[aidenn0]

Now you're moving the goalposts; I think lockfiles that are checked-in to version control are superior to Maven's "Let's YOLO it if your transitive dependencies conflict." Version ranges are more expressive than single-versions, and when you add lockfiles you get deterministic builds.

[deepsun]

I don't understand how Maven's YOLO is different from NPM's range.

If you force a transitive dependency in Maven, then yes, some other library may get incompatible with it. But in NPM when people declare dependency as, say, ~1.2.3 the also don't know if they will be compatible with a future 1.2.4 version. They just _assume_ the next patch release won't break anything. Yes npm will try to find a version that satisfies all declarations, but library devs couldn't know the new version would be compatible because it wasn't published at that time.

And my point is that it's _exactly_ the same probability that the next patch version is incompatible in both Maven and NPM. That's why NPM users are not afraid to depend on ~x.x or even ^x.x, they basically YOLOing.

[eptcyka]

Yeah, npm people expect that semantic versioning will be abided by. Obviously, it will not work if a minor version bump introduces a breaking change. Obviously this is better than pinning the same one dependency in literally every package - imagine the churn and the amount of life lost to bumping dependencies in any given ecosystem if every package had to pin a specific version of a dependency.

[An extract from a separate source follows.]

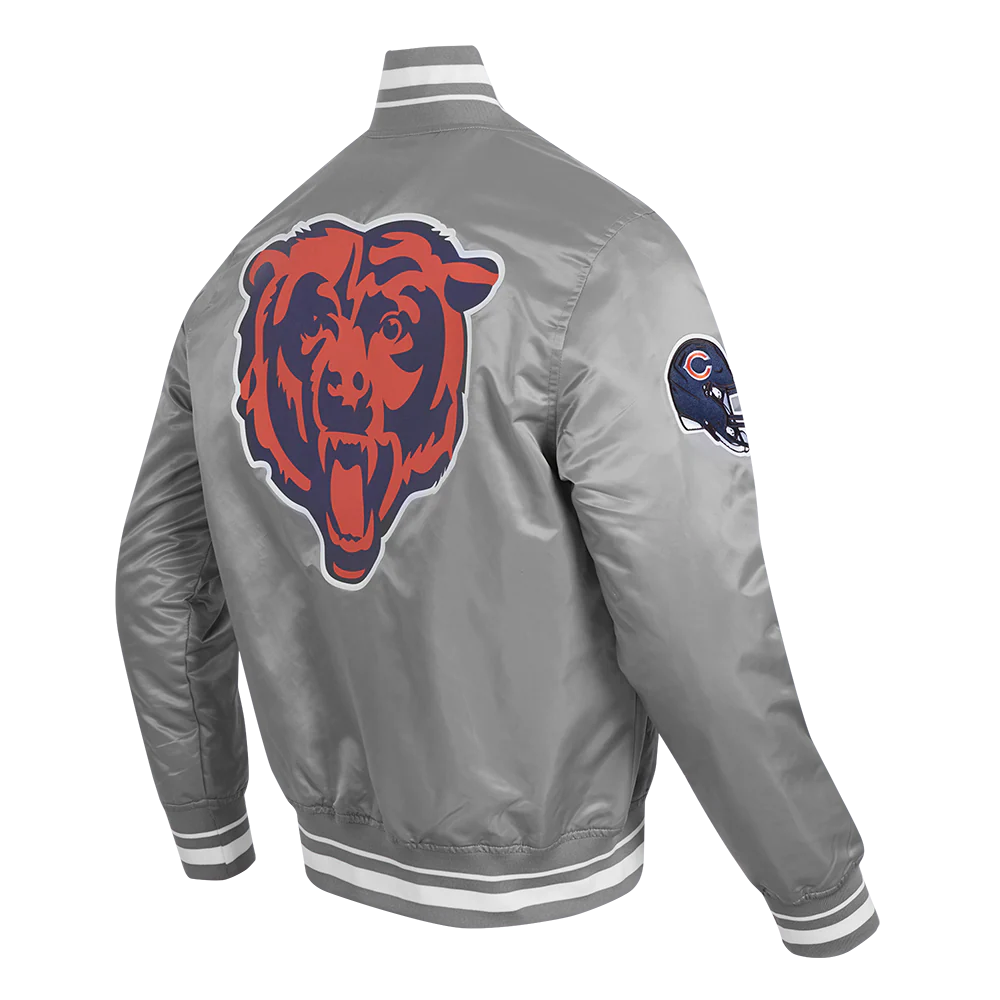 NFL CHICAGO BEARS SCRIPT TAIL MEN'S SATIN JACKET (GRAY) - Image 4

Ultimately, these are imperfect solutions to practical problems, and I know that I much prefer the semantic versioning and lockfile approach to whatever the java people are into.

[beart]

From my experience, this is a self-policing issue in the npm ecosystem. When major packages break semver, the maintainers take a ton of heat. When minor packages do it, they quickly fall out of the ecosystem entirely. It's not "YOLO"ing, but rather following the ecosystem conventions.

But anyway.. isn't that exactly the purpose of lock files? If you don't trust the semver range, it shouldn't matter because every `npm ci` results in the same package versions.

[aidenn0]

> I don't understand how Maven's YOLO is different from NPM's range.

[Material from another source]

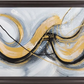 Golden Flow Abstract Canvas, framed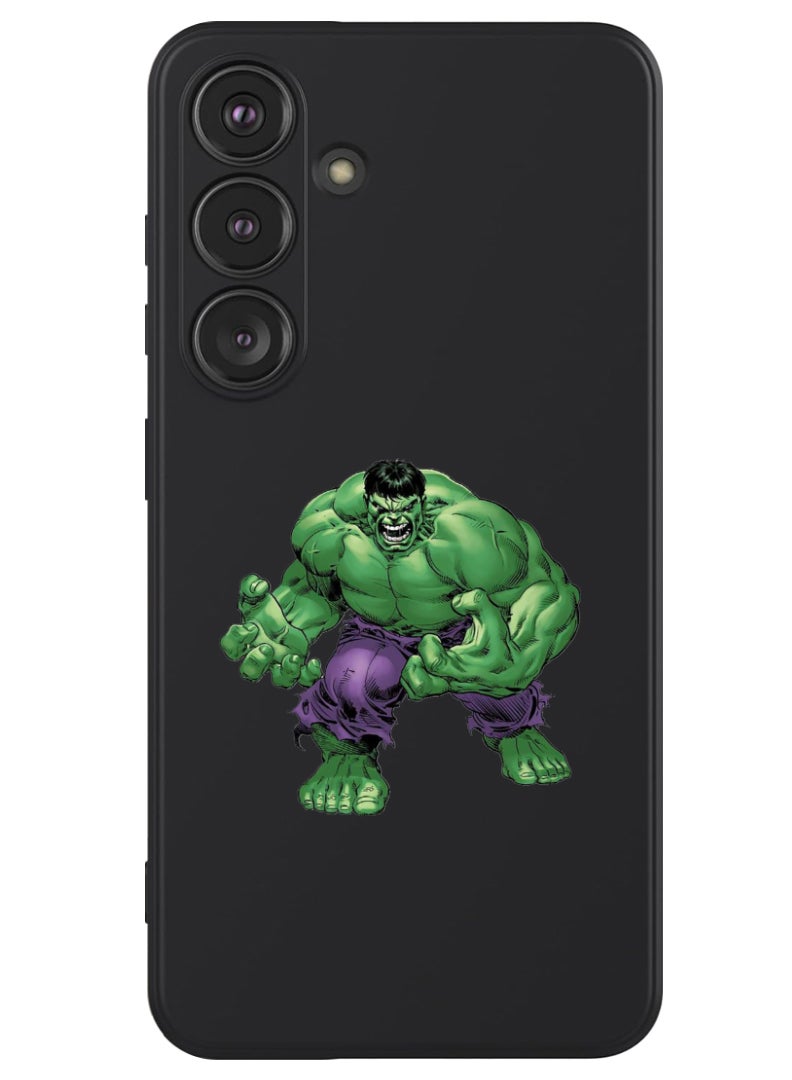 Theodor Protective Slim Fit Case Liquid Silicone Cover with Full Body Protection Anti-Scratch Shockproof Case For Samsung Galaxy S24 (Black) - Hulk - Image 1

The person who wrote the range selected a range that they deem likely to work.

I don't use NPM, but in Python it definitely happens that you see e.g.:

  foo >= 0.3.4, <= 0.5.6

Which can save a lot of headaches early on for packages that use ZeroVer[1]

1: https://0ver.org/

[cogman10]

Maven builds are deterministic (so long as you don't have SNAPSHOT dependencies). The version resolution is insane but deterministic. You'll only break that determinism if you change the dependencies.

That's precisely because maven doesn't support version ranges. Maven artifacts are also immutable.

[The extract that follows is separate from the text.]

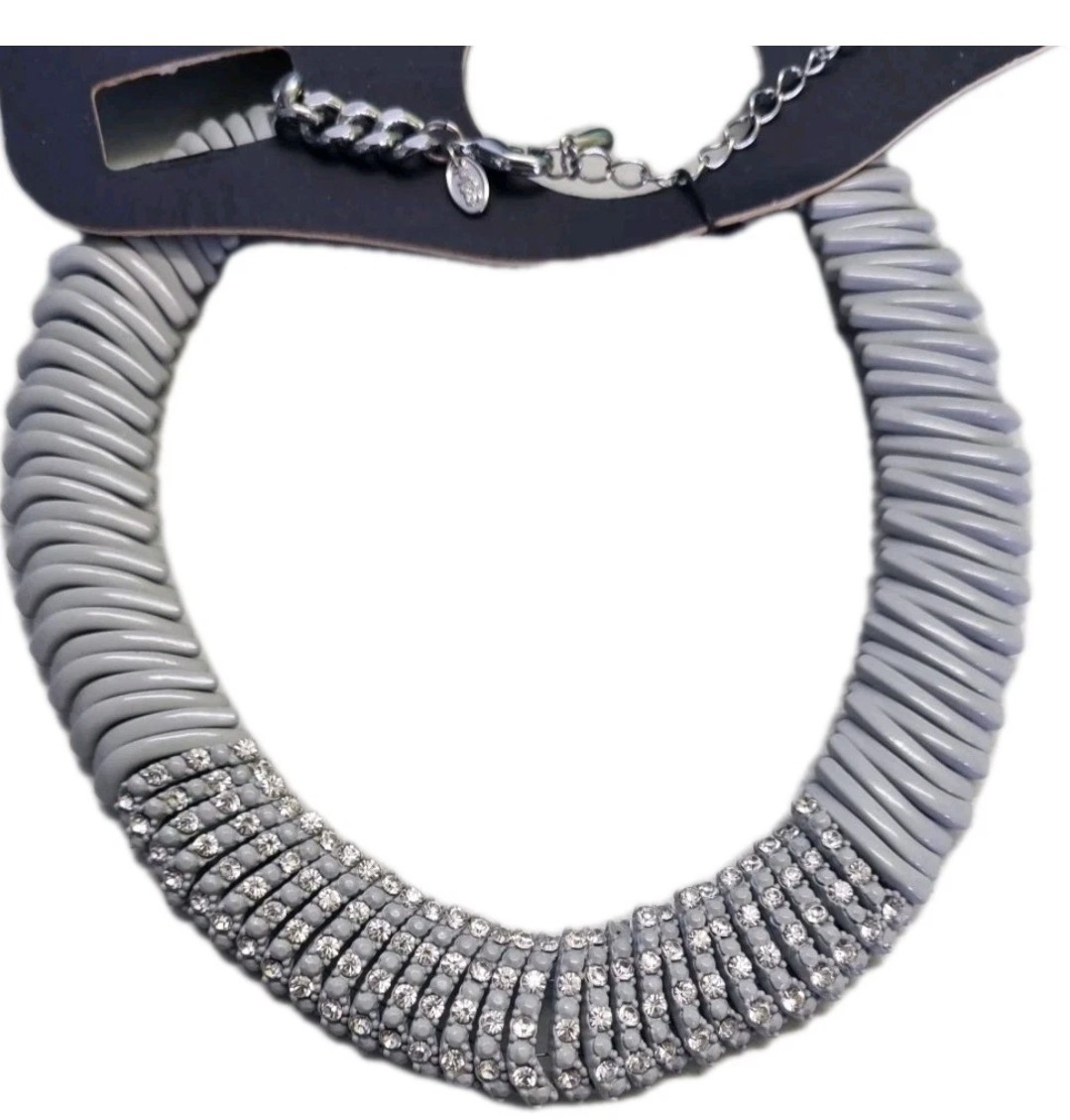 M&S Limited Edition Womens Grey Mix Statement Necklace 15.5″ REF CO3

Maven also supports manual override when the insane resolution strategy fails that's the "dependencymanagement" section.

[aidenn0]

Lockfile builds are also deterministic. You only break that determinism if you change the lockfile.

[javanonymous]

You can use version range with a maven plugin

https://maven.apache.org/enforcer/enforcer-rules/versionRang...

[deepsun]

I typically just add an <exclusion> for one of my top level dependency, so Maven picks from some other.